The paper entitled "RankMass Crawler: A Crawler with High Personalized PageRank Coverage Guarantee" (Cho, Schonfeld, University of California) deals with the important topic of how many pages should be collected to cover most of the web, and how to ensure that important documents are not left out when the crawl is halted. They answered these questions by showing that crawling a number of important pages or the most important part of the web helps to limit the amount needed. This is important because a large corpus is expensive to house and the amount of computing cost is high.
They state that comparing search engines by the number of pages they index is misleading because of the huge amount of data available on the web. They say that for example calendar pages generated by dynamic sites have links to "next day" and so on meaning that potentially useless information is collected. Additionally no search engine is capable of downloading the entire web, we don't even know how big it is. So when should they stop the crawl? At 8 billion pages like Google?
Their method, RankMass is a metric for comparing the quality of search engine indexes and is a variant of the Personalised PageRank metric which assumes that users go to only important pages. They change this a little bit because they look at how much of the important documents the set covers. The coverage measurement involves looking at pages in the subset which are not known. Their crawler is focused on the pages users go to. It can prioritize the crawl downloading high personalised PageRank first and so the highest RankMass is achieved when the crawl is over.
How are pages deemed important?
This could as they say be based on the relevance to the queries but this would mean having a set of queries to start with which isn't ideal. They say that PageRank with it's random surfer model is very effective but as we have seen it can be easily spammed (by webmasters and seo people I presume!). Personalised PageRank assumes that a user eventually goes to a trusted site rather than to a page of equal probability.
The RankMass metric is based on the link structure of the whole web rather than just the graph structure in the subset, meaning that they don't have to download a huge amount. They download all the pages that are reachable from neighbouring sites of a page and calculate RankMass, however they note that users are unlikely to go only to one trusted page. This method however is greedy so they adapted it to form the "Windowed-RankMass algorithm".
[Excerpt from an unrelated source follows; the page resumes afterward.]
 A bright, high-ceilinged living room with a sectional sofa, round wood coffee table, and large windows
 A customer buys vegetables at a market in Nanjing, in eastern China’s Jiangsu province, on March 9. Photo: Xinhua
"The Windowed-RankMass algorithm is an adaptation of the RankMass algorithm and is designed to allow us to reduce the overhead by batching together sets of probability calculations and downloading sets of pages at a time."
The starting point is referred to as a set of seeds which are a number of documents which form the starting point of the crawl:
"Deciding on the number of seeds is influenced by many factors such as: the connectivity of the web, spammability of the search engine, efficiency of the crawl, and many other factors".
The result of their evaluation and experiments showed that their RankMass metric, that maximizes the PageRank of every page, is very effective. It allows search engines to specify the end of the crawl based on specific conditions. This means that the crawl runs until the required percent of the web's PageRank is collected.
Why should you care?
This interesting papers shows that search engines can have smaller sized indices and still prove very effective. This should improve both precision and recall, due to the fact that there are fewer unimportant documents that are considered in the computation stages. The constant talk and wow-factor associated with the huge size of indices are shown to be rather irrelevant really when you consider the actual quality of these indices. The bigger the index the harder it is to manage.
You should care because the quality of your sites becomes crucial. Not only the way that they are built but also their ability to attract users based on how important they are seen to be.